Last summer Ernst Cline told Luis Sucasas that “pop culture could become a religion”, a virtual reality which can help understand and give meaning to the world in which we live. Sucasas captures the idea well as he says that today “the moral teachings that young people receive come more from Luke Skywalker than from Jesus”. And is this not how many see the Christian faith and its promises, even from within the church? An alternative reality, a virtual paradise that makes this existence easier but that, at the end of the day, it is just “a fairy tale” that encourages us to be better people.

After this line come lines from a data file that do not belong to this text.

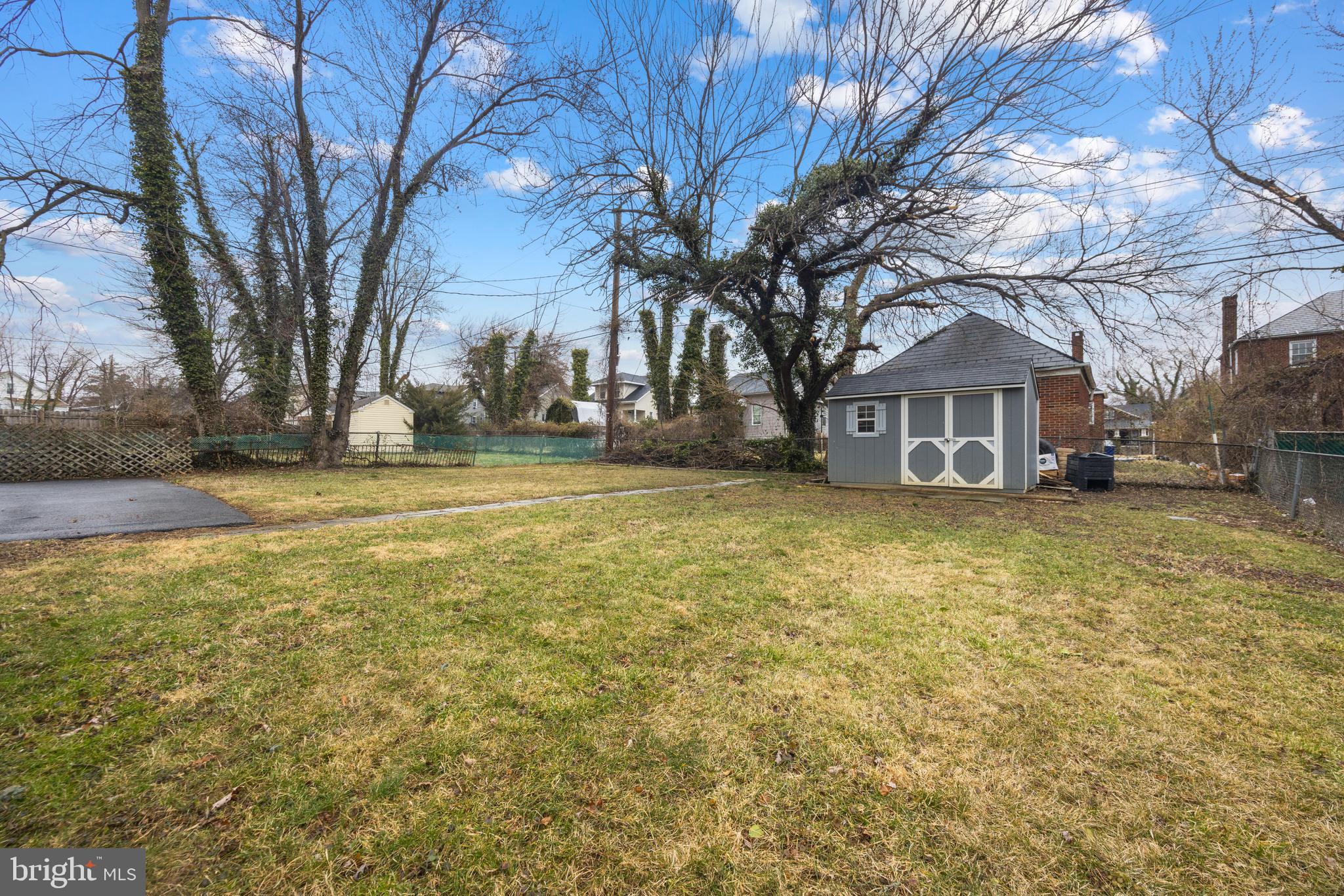 3814 Chatham Road Baltimore, MD 21215 - Photo 40 of 45 a view of a yard with a house and large trees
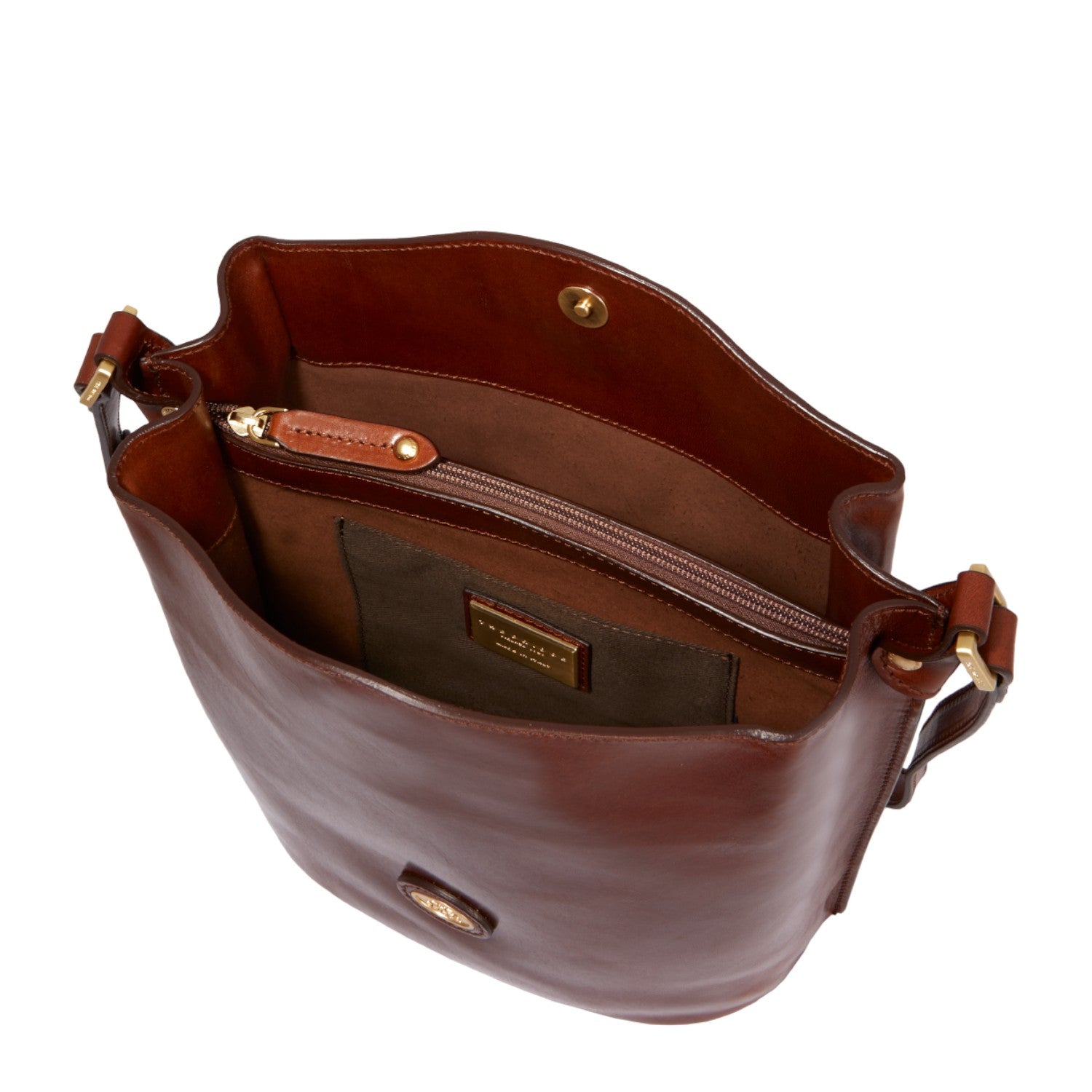 Lieblingstasche brown leather bucket bag with gold hardware and zip closure. Interior features a zip pocket and slip pocket.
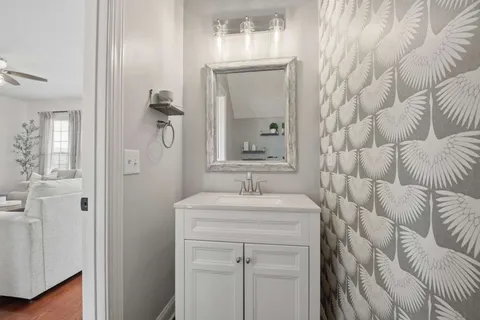 a bathroom with a sink and a mirror
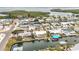 High angle aerial capturing a waterfront neighborhood, showing homes situated along winding canals with boat docks at 10308 Kingfisher W Rd, Bradenton, FL 34209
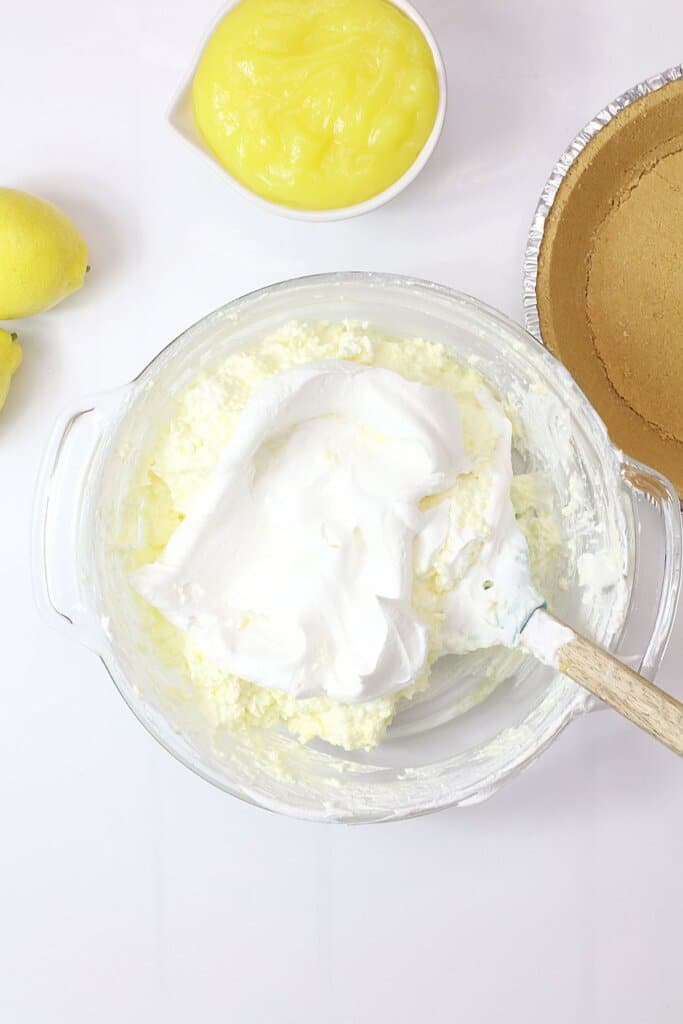 cool whip being added to pie filling in a glass bowl.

However, if one reads carefully it is easy to see that the Bible does not propose a lifestyle that can make us better people. This would be like trying to change a leopard’s spots (Jeremiah 13:23). The true dystopia is found in the human heart (Mark 7:21). Moreover, the paradise that the gospel gives us is very different from any other virtual reality that man has imagined to bring hope and meaning.



 





Many religions or virtual realities such as ‘OASIS’ create hope in worlds where one day we will be able to have all that we can’t permit ourselves now in earthly or real life (drink, food, sex, possessions, health, etc). In contrast, Christianity offers us a relationship. An authentic, personal relationship with someone who accepts the truth of who we are and offers us a complete transformation through forgiveness and undeserved favour. For Christians, the true paradise is not a prized place or an object, it is a person, Jesus of Nazareth, the only one who can truly satisfy our thirst for something real (John 4:14).



Who would think that something like this could give hope? Yet this is becoming the experience of millions of believers around the world as we await this Paradise that goes beyond the reality we currently behold. As C.S. Lewis says, we believe that “at present we are on the outside of the world, the wrong side of the door. We discern the freshness and purity of morning, but they do not make us fresh and pure. We cannot mingle with the splendours we see. But all the leaves of the New Testament are rustling with the rumour that it will not always be as so. Someday, God willing, we shall get in”.